Selesaikan persamaan simultan : ab + c + d = 3, bc + a + d = 5, cd + a + b = 2, da + b + c = 6 dengan a, b , c dan d adalah bilangan real.
(Sumber : British Mathematical Olympiad 2003/2004 Round 1)

Solusi :
ab + c + d = 3 ⋅⋅⋅⋅⋅⋅⋅⋅⋅⋅⋅⋅⋅⋅⋅⋅⋅⋅⋅⋅⋅⋅⋅⋅⋅⋅⋅⋅⋅⋅⋅⋅⋅⋅⋅⋅⋅⋅⋅⋅⋅⋅⋅ (1)

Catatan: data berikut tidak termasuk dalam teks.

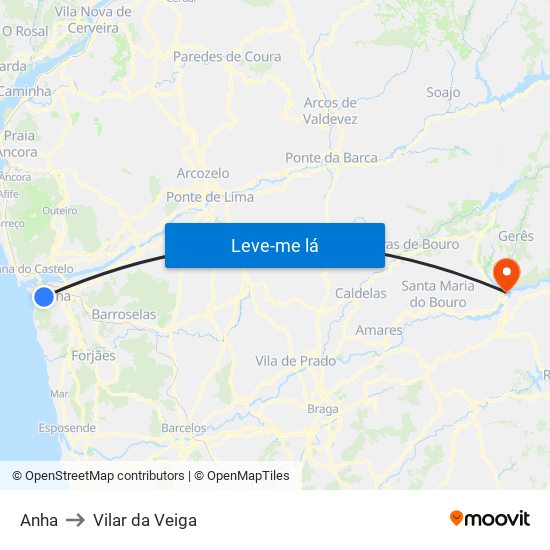 Anha to Vilar da Veiga map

bc + a + d = 5 ⋅⋅⋅⋅⋅⋅⋅⋅⋅⋅⋅⋅⋅⋅⋅⋅⋅⋅⋅⋅⋅⋅⋅⋅⋅⋅⋅⋅⋅⋅⋅⋅⋅⋅⋅⋅⋅⋅⋅⋅⋅⋅⋅ (2)
cd + a + b = 2 ⋅⋅⋅⋅⋅⋅⋅⋅⋅⋅⋅⋅⋅⋅⋅⋅⋅⋅⋅⋅⋅⋅⋅⋅⋅⋅⋅⋅⋅⋅⋅⋅⋅⋅⋅⋅⋅⋅⋅⋅⋅⋅⋅ (3)
da + b + c = 6 ⋅⋅⋅⋅⋅⋅⋅⋅⋅⋅⋅⋅⋅⋅⋅⋅⋅⋅⋅⋅⋅⋅⋅⋅⋅⋅⋅⋅⋅⋅⋅⋅⋅⋅⋅⋅⋅⋅⋅⋅⋅⋅⋅ (4)
(1) + (2) = (3) + (4) -> ab + c + d + bc + a + d = cd + a + b + da + b + c b(a + c) + 2d = d(a + c) + 2b (b − d)(a + c) = 2(b − d) (b − d)(a + c − 2) = 0 b = d atau a + c = 2
• Jika b = d , Persamaan (2) -> bc + a + b = 5, Persamaan (3) -> bc + a + b = 2
Kontradiksi maka tidak ada nilai a, b, c dan d yang memenuhi.
• Jika a + c = 2, (1) + (2) -> ab + bc + a + c + 2d = 8 b(a + c) + a + c + 2d = 8 b + d = 3
(2) + (3) -> bc + cd + 2a + b + d = 7 c(b + d) + 2a + b + d = 7 3c + 2a = 4 3c + 2(2 − c) = 4
-> c = 0 -> a = 2
Persamaan (2) -> b(0) + (2) + d = 5 -> d = 3 -> b = 3 − (3) = 0
(a, b, c, d) yang memenuhi adalah (2, 0, 0, 3)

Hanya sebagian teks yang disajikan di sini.